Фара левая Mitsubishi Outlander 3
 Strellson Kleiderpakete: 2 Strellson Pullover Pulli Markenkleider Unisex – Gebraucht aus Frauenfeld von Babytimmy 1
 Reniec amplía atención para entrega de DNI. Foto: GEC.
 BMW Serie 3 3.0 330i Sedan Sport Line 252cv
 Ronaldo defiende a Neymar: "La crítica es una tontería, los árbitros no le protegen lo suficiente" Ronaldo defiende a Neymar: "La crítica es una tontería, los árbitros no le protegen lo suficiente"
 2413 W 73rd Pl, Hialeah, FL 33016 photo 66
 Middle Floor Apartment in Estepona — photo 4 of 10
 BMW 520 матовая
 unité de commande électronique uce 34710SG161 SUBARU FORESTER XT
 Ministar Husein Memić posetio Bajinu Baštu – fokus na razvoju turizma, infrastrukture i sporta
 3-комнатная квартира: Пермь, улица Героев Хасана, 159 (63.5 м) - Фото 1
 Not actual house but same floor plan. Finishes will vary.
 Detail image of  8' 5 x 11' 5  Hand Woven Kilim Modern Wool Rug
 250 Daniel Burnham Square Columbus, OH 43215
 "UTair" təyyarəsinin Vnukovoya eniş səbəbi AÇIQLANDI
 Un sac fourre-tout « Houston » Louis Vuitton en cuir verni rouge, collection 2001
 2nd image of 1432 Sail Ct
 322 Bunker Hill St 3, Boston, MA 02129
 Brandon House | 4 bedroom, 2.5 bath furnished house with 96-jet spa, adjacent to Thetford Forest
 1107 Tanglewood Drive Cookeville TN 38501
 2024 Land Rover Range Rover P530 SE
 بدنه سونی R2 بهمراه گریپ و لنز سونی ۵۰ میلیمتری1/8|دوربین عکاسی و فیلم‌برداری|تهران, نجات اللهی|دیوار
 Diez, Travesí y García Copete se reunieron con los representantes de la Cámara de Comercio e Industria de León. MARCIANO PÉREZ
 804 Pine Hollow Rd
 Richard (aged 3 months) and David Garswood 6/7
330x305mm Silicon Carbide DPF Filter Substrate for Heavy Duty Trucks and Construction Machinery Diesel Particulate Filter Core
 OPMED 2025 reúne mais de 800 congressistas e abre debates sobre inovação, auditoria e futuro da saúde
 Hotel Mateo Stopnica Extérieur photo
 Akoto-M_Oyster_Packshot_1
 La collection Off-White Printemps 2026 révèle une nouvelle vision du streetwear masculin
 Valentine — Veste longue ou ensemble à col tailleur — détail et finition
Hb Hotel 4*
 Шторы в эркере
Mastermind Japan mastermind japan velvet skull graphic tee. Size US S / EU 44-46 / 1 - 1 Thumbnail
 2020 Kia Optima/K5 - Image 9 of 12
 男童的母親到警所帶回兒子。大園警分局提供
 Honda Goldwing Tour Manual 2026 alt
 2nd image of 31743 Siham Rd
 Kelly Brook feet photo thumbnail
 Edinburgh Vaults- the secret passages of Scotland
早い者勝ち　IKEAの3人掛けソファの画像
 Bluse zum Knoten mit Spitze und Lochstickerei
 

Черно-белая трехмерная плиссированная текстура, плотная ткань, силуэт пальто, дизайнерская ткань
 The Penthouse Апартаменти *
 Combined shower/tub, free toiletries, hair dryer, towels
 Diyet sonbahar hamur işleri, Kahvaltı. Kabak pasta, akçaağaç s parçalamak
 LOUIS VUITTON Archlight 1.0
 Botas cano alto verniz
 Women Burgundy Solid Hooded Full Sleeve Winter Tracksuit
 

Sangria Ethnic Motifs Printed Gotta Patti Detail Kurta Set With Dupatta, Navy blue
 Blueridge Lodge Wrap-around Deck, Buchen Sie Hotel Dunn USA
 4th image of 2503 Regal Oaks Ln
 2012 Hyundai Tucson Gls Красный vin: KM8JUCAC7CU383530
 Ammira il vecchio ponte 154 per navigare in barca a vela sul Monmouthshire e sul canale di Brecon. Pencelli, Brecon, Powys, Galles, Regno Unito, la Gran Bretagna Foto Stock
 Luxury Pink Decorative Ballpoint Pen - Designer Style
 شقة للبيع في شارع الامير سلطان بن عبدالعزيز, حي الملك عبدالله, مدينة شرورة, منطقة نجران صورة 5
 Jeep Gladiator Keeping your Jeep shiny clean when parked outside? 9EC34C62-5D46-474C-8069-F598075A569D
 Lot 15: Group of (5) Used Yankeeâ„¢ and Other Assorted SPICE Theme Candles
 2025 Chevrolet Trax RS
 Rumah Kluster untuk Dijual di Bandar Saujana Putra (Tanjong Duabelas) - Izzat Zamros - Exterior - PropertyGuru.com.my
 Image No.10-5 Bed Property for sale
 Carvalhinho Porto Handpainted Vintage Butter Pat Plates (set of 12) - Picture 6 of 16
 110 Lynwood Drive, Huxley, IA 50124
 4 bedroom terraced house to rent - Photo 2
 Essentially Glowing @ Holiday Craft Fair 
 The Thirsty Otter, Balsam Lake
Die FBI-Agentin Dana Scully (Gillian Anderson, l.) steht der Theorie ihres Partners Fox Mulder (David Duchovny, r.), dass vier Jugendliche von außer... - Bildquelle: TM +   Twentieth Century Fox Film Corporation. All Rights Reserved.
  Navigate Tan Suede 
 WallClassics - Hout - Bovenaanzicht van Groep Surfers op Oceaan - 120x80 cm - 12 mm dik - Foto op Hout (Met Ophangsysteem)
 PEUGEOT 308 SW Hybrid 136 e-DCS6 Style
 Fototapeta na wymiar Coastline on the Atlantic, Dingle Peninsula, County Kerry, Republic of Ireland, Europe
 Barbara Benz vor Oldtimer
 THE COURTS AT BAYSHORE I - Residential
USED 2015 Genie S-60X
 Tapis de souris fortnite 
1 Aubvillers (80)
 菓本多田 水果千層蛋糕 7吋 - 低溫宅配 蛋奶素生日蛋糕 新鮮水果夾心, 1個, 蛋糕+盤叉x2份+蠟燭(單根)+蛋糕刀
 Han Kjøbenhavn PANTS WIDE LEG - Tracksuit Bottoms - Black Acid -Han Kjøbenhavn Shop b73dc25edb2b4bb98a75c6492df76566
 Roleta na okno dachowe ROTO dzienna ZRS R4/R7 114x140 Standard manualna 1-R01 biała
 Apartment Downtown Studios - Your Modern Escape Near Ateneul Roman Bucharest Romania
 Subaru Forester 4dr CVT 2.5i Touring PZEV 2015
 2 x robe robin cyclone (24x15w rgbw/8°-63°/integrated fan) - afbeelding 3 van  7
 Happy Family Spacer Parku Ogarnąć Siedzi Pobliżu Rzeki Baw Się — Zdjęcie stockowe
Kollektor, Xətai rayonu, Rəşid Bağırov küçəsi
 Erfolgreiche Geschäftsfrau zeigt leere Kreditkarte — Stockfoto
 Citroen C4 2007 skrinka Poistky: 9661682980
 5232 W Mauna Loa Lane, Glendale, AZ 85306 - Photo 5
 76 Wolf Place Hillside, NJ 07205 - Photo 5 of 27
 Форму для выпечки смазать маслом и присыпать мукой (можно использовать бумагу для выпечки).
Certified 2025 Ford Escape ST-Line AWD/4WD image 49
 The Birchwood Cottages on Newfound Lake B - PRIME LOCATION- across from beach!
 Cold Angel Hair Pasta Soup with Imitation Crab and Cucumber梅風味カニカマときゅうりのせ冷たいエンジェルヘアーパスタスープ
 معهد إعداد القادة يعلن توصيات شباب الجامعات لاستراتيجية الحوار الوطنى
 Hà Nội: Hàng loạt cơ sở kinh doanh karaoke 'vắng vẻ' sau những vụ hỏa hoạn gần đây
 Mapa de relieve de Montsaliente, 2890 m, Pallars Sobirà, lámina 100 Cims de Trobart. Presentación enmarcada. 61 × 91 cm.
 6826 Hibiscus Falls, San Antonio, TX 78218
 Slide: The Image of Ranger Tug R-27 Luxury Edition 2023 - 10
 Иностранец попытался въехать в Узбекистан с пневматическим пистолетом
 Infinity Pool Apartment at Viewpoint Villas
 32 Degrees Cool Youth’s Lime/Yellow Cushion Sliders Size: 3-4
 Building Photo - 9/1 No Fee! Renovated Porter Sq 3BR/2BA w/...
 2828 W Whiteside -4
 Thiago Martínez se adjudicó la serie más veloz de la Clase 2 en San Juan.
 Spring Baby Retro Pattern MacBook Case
──────────
▶ TASK BRIEF: Give back exactly the lines above, from the line containing "Subaru Forester 4dr" through the line containing "Иностранец попытался въехать", with both end lines and nothing more.

▶ SOLUTION FOR THIS EXERCISE:
 Subaru Forester 4dr CVT 2.5i Touring PZEV 2015
 2 x robe robin cyclone (24x15w rgbw/8°-63°/integrated fan) - afbeelding 3 van  7
 Happy Family Spacer Parku Ogarnąć Siedzi Pobliżu Rzeki Baw Się — Zdjęcie stockowe
Kollektor, Xətai rayonu, Rəşid Bağırov küçəsi
 Erfolgreiche Geschäftsfrau zeigt leere Kreditkarte — Stockfoto
 Citroen C4 2007 skrinka Poistky: 9661682980
 5232 W Mauna Loa Lane, Glendale, AZ 85306 - Photo 5
 76 Wolf Place Hillside, NJ 07205 - Photo 5 of 27
 Форму для выпечки смазать маслом и присыпать мукой (можно использовать бумагу для выпечки).
Certified 2025 Ford Escape ST-Line AWD/4WD image 49
 The Birchwood Cottages on Newfound Lake B - PRIME LOCATION- across from beach!
 Cold Angel Hair Pasta Soup with Imitation Crab and Cucumber梅風味カニカマときゅうりのせ冷たいエンジェルヘアーパスタスープ
 معهد إعداد القادة يعلن توصيات شباب الجامعات لاستراتيجية الحوار الوطنى
 Hà Nội: Hàng loạt cơ sở kinh doanh karaoke 'vắng vẻ' sau những vụ hỏa hoạn gần đây
 Mapa de relieve de Montsaliente, 2890 m, Pallars Sobirà, lámina 100 Cims de Trobart. Presentación enmarcada. 61 × 91 cm.
 6826 Hibiscus Falls, San Antonio, TX 78218
 Slide: The Image of Ranger Tug R-27 Luxury Edition 2023 - 10
 Иностранец попытался въехать в Узбекистан с пневматическим пистолетом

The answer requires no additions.